Regarding the utilization of OTU reads for computing the correlation coefficients, our recommendation is that, when the numbers of sequence reads from different samples are approximately equal, the OTU reads can be utilized directly to compute the correlation coefficients; when the numbers of sequences reads from different samples are significantly different, the relative abundances should be utilized instead. The usage of OTU reads directly has an advantage over the relative abundance since the former can avoid the potential error from decimal conversion in calculating the relative abundance (i.e., the OTU reads for a particular OTU or species divided by the total number of reads of all OTUs in the sample). Our pre-experiment tests found that, although both relative abundance and absolute abundance (raw OTU reads) may produce different results when the numbers of sequencing reads across samples are different, the trend of trios is rather robust. In this study, we use the relative abundance (i.e., the reads of a particular OTU in a sample divided by the total reads in the sample) to be fail-safe. Alternatively, if one does not wish to use relative abundance, sub-sampling (i.e., randomly choose the same number of reads from each sample, e.g., 5000 reads from each sample) may be utilized to deal with the issues associated with unbalanced sample sizes.

To deal with the rising chances that some tests will tend to pass falsely when simultaneously testing multiple null hypotheses (i.e., the significance of many correlation relationships) in 16s-rRNA sequence data, we suggest correcting the p-values associated with the correlation coefficients (from either Spearman’s or Pearson’s methods) with the FDR-BH algorithm (Benjamini-Hochberg standard false discovery rate correction) (Benjamini and Hochberg’s 1995)30. The procedures with the FDR control have been implemented in several R packages, and we choose to use the R-package EMA, which implemented FDR-BH algorithm by Servant et al. (https://cran.r-project.org/web/packages/EMA/index.html)31 . Specifically, we called the “multiple.correction” function from the EMA package in our own R-script “CCFDR.r”, which also called another function rcorr from the R-package Hmisc (https://cran.r-project.org/web/packages/Hmisc/) to compute the Spearman’s or Pearson’s correlation coefficients.
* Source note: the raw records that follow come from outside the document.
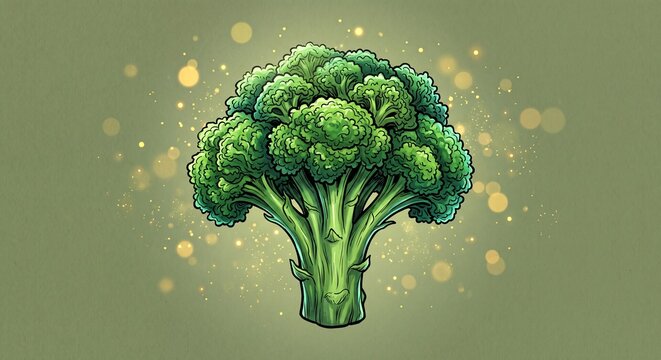 Fresh green broccoli head isolated. Organic vegetable vegetable food on bokeh background.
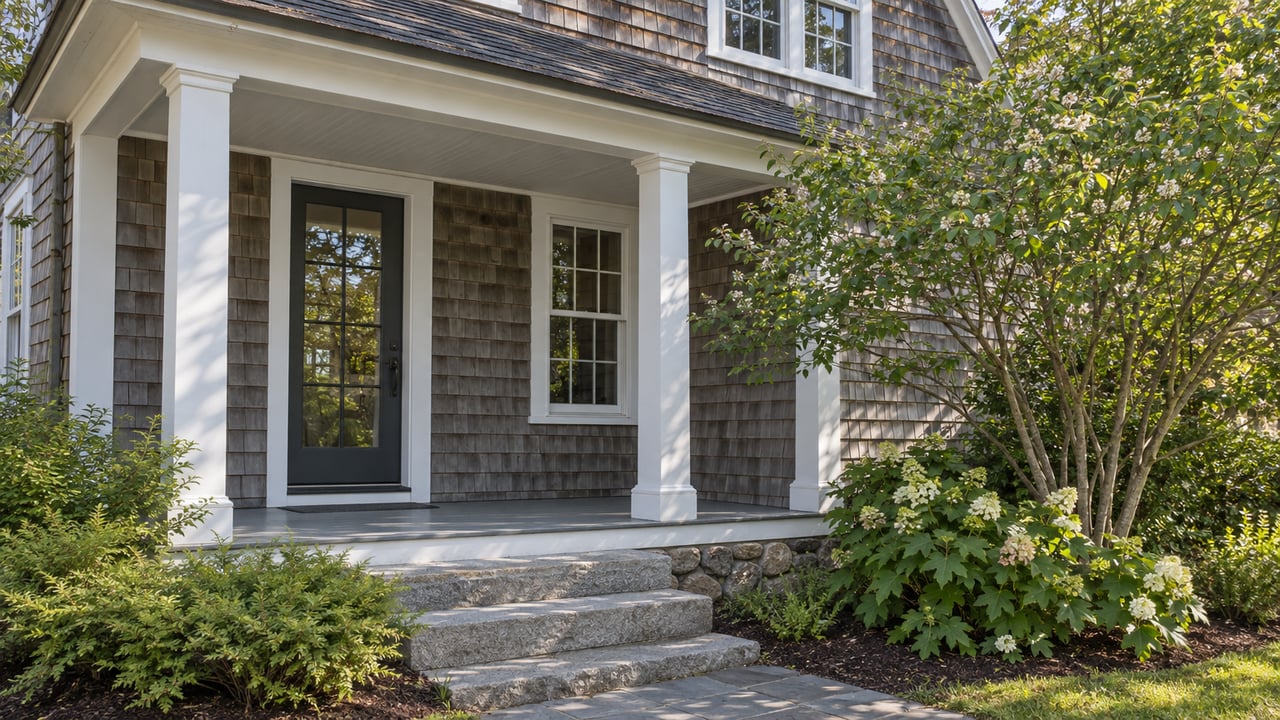 A weathered cedar-shingle house with a white-posted porch, granite steps, and compact garden plantings.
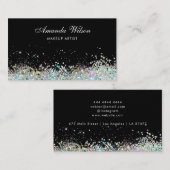 Moderner Eleganter Makeup-Künstler Hologramm Glitz Visitenkarte (Vorne/Hinten)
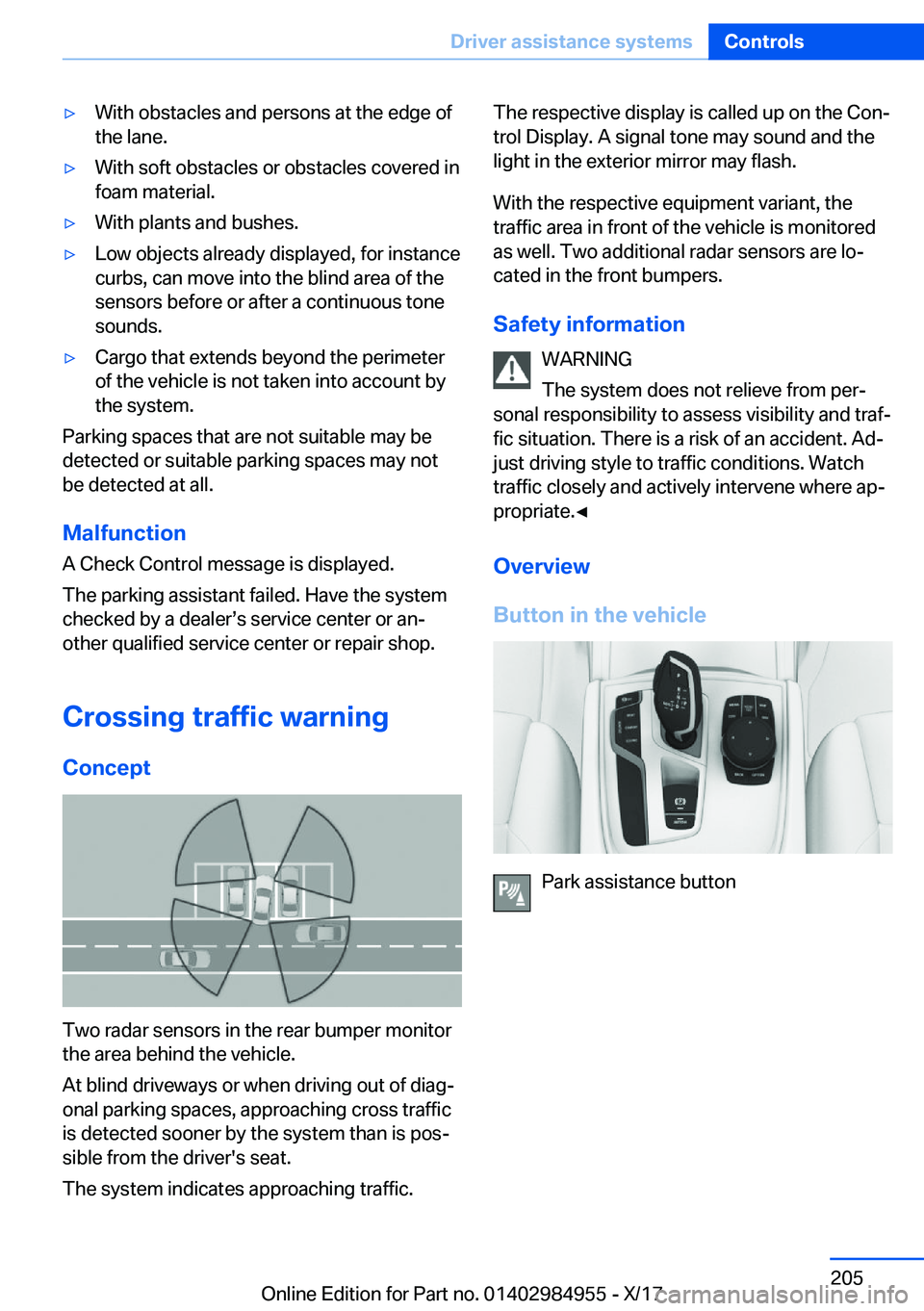 BMW X3 2018  Owners Manual 'y�W�i�t�h� �o�b�s�t�a�c�l�e�s� �a�n�d� �p�e�r�s�o�n�s� �a�t� �t�h�e� �e�d�g�e� �o�f�t�h�e� �l�a�n�e�.'y�W�i�t�h� �s�o�f�t� �o�b�s�t�a�c�l�e�s� �o�r� �o�b�s�t�a�c�l�e�s� �c�o�v�e�r�e�d� �i�n�f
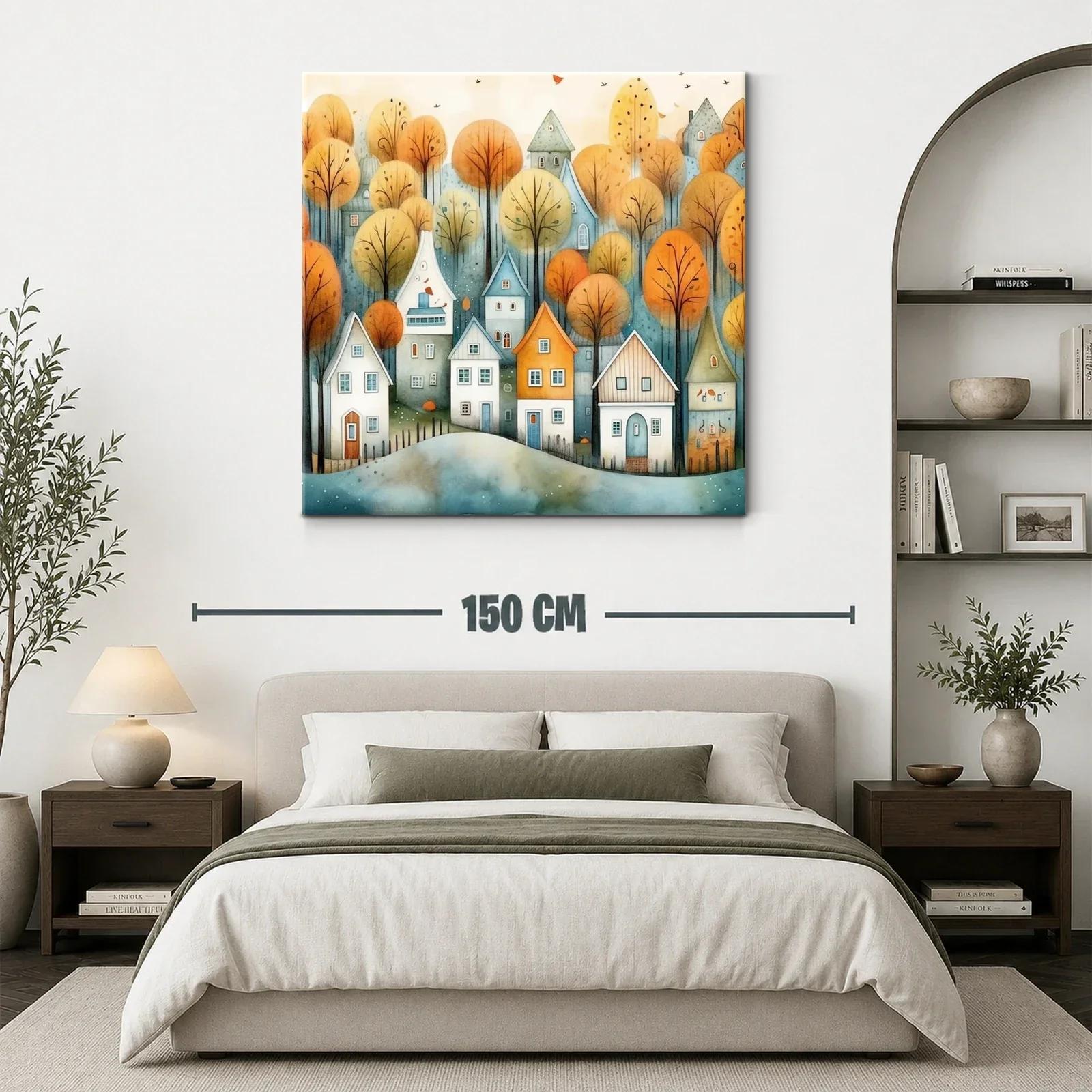 Paisaje encantador con casas y árboles en tonos otoñales — miniatura 3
Our R-script “CCFDR.r” essentially implemented the first two steps in previous flowchart and its output is feed into our Perl program TFP.pl (Trios-Finder Program), which completes the trios-finding function outlined in step 4 in the previous flowchart. Both CCFDR.r and TFP.pl are supplied in the online Supplementary materials.

In summary, after dealing with the above-described two potential issues with our “CCFDR.r” R-script (i.e., eliminating the side effect of unbalanced of sample sizes and filtering out false correlations) we use the remaining correlation relationships (i.e., Spearman’s rank correlation coefficient (ρ) in this study) with a threshold of p ≤ 0.05 to build OTU correlation networks for the healthy and diseased microbiome samples, respectively. From the OTU correlation networks, the trios defined in Table 1 are sought out and counted with our homemade Perl-program TFP.pl.

In this article, we present our methodology and hypothesis based on the trios that are associated with the MAO (most abundant OTU) in the microbial species interaction network to simplify the presentation. It is noted that our methodology presented here regarding the special node can be readily extended to other nodes in SIN with some special biomedical or computational implications. We have also applied the MDO (most dominant OTU) and hub associated trios elsewhere (Ma & Ellison 2017a)25 with the same computational procedures presented here, but the detailed approaches are only reported in this article.

To compare the distribution of the above-defined trios in the healthy and diseased microbiome samples, we define RDHT (the ratio of disease to healthy trios), the number of a particular trio type in the disease treatment divided by the number of the same trio type in the healthy counterpart. Nevertheless, caution should be taken to use RDHT for diagnostic purpose since the magnitude of different trio types may be different. In addition, the identity of trio members may also be of critical biomedical significance.

Test Results and Discussion

Test dataset description

Largely following the sampling scheme of NIH human microbiome project, we selected six datasets that represent the microbiomes sampled from five major body sites (gut, lung, oral, skin, and vagina). Except for gut that is represented by two datasets (HIV and IBD), each microbiome site is represented by one dataset, with six datasets in total. A brief description on the six datasets is summarized in Table 2, and detailed information on individual dataset is referred to the original publication noted in Table 2.

Table 2 Datasets utilized to develop and test the TFP (trio finder program)

For each of the six case studies representing the five major microbiome sites, we constructed separate species interaction networks (SIN) with the 16s-rRNA sequence dataset from each treatment in the six case studies. For example, with BV dataset (Srinivasan et al.)6, we built two SINs: one with the 16s-rRNA microbiome samples from BV group and another with the samples from healthy group. We followed the 4-step computational procedure described in the previous section and built 15 networks in total for the 15 treatments of the healthy and diseased microbiome groups, covering five major microbiome sites (gut, lung, oral, skin, and vaginal) and representing several diseases including HIV-infection, inflammatory bowel disease (IBD), periodontitis, cystic fibrosis (CF), Atopic Dermatitis (AD), and bacterial vaginosis (BV), as detailed in previous Table 2.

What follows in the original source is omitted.